Pada akhirnya, Shakespeare menawarkan dua opsi secara ambivalen: meskipun Ariel menyerah pada Prospero perintah, dia tampaknya memiliki beberapa kasih sayang untuk penyihir dan tampaknya relatif puas dengannya pengobatan. Dalam nada yang sama, Miranda mendapati dirinya menikah dengan pasangan yang maskulin, memuaskannya keinginan dan menemukan kebahagiaan ayah meskipun paparan minimal untuk pilihan yang dia miliki dan kurangnya kontrol atas nasibnya. Sementara itu, Caliban tetap menjadi tanda tanya moral: apakah dia sudah menjadi makhluk yang penuh kebencian, atau apakah dia menjadi kebencian karena kebenciannya pada Prospero yang diakui tidak adil atas budaya Eropa dia? Shakespeare menggambarkan penolakan Caliban untuk mematuhinya sebagai monster, dan secara halus memanusiakannya, menunjukkan bagaimana meskipun Caliban, mengerikan, mencoba memperkosa Miranda yang lembut, dia juga dirampok dari bahasa, budaya, dan otonominya sendiri di Prospero's kedatangan.

Alam

Bahkan sejak awal permainan, kita melihat upaya manusia untuk mengendalikan dunia alami. Seperti yang terdengar oleh sang perwira perahu, "Jika Anda dapat memerintahkan elemen-elemen ini untuk membungkam dan mengusahakan kedamaian saat ini, kami tidak akan menyerahkan tali lebih lanjut ”(Babak 1, adegan 1, baris 22-23), ia menggarisbawahi kurangnya kekuatan yang bahkan dimiliki raja dan anggota dewan dalam menghadapi elemen. Adegan berikutnya, bagaimanapun, mengungkapkan bahwa elemen-elemen itu telah dikendalikan selama ini oleh Prospero.

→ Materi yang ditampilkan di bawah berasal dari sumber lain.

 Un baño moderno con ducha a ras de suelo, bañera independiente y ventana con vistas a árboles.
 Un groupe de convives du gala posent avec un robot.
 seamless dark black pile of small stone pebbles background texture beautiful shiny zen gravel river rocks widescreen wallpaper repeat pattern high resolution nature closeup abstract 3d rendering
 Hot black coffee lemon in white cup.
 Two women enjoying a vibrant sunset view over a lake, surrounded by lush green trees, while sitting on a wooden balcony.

Prospero dengan demikian berfungsi sebagai pembawa "peradaban" Eropa ke sebuah pulau dalam "keadaan alamiah." Dengan demikian, alam menjadi "Yang Lain," yang kita bicarakan di atas, pada norma kuat beradab Prospero masyarakat. Caliban sekali lagi adalah karakter kritis yang digunakan untuk melihat tema ini. Lagipula, ia sering diberi julukan "manusia alami," dan beroperasi secara jelas bertentangan dengan keinginan Prospero yang beradab. Tidak hanya dia tidak ingin terlibat dalam kerja produktif seperti yang dituntut Prospero, dia juga berusaha memperkosa Miranda. Pada akhirnya Caliban menolak untuk melakukan kontrol atas keinginannya. Sementara masyarakat beradab Eropa diakui menempatkan banyak pengekangan pada sifat manusia, presentasi Shakespeare tentang “Tanpa represi,” figur “alami” di sini bukanlah perayaan: setelah semua, tidak mungkin untuk melihat upaya Caliban dalam pemerkosaan sebagai apa pun tapi mengerikan.

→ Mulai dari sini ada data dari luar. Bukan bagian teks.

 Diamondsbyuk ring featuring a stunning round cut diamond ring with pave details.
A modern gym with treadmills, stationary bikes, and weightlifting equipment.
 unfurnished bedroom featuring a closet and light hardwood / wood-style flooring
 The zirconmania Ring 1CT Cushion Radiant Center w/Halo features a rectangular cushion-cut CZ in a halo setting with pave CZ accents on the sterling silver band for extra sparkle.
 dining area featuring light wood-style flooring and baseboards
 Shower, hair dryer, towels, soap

Namun, Caliban bukan satu-satunya yang berinteraksi dengan sifatnya sendiri. Prospero sendiri, meskipun orang yang paling kuat dalam permainan dengan kemampuannya untuk mengendalikan dunia alami, berada dalam dorongan untuk sifatnya sendiri. Lagipula, hasratnya akan kekuasaan tampaknya agak di luar kendali, dirinya sendiri yang disebut "prahara dalam teko teh." Hasrat untuk berkuasa ini menghalangi hubungan yang normal dan memuaskan; misalnya, dengan putrinya Miranda, yang kepadanya dia menggunakan mantra tidur ketika dia ingin berhenti berbicara. Dengan cara ini, sifat Prospero, yang berpusat di sekitar keinginan untuk kontrol, itu sendiri tidak dapat dikendalikan.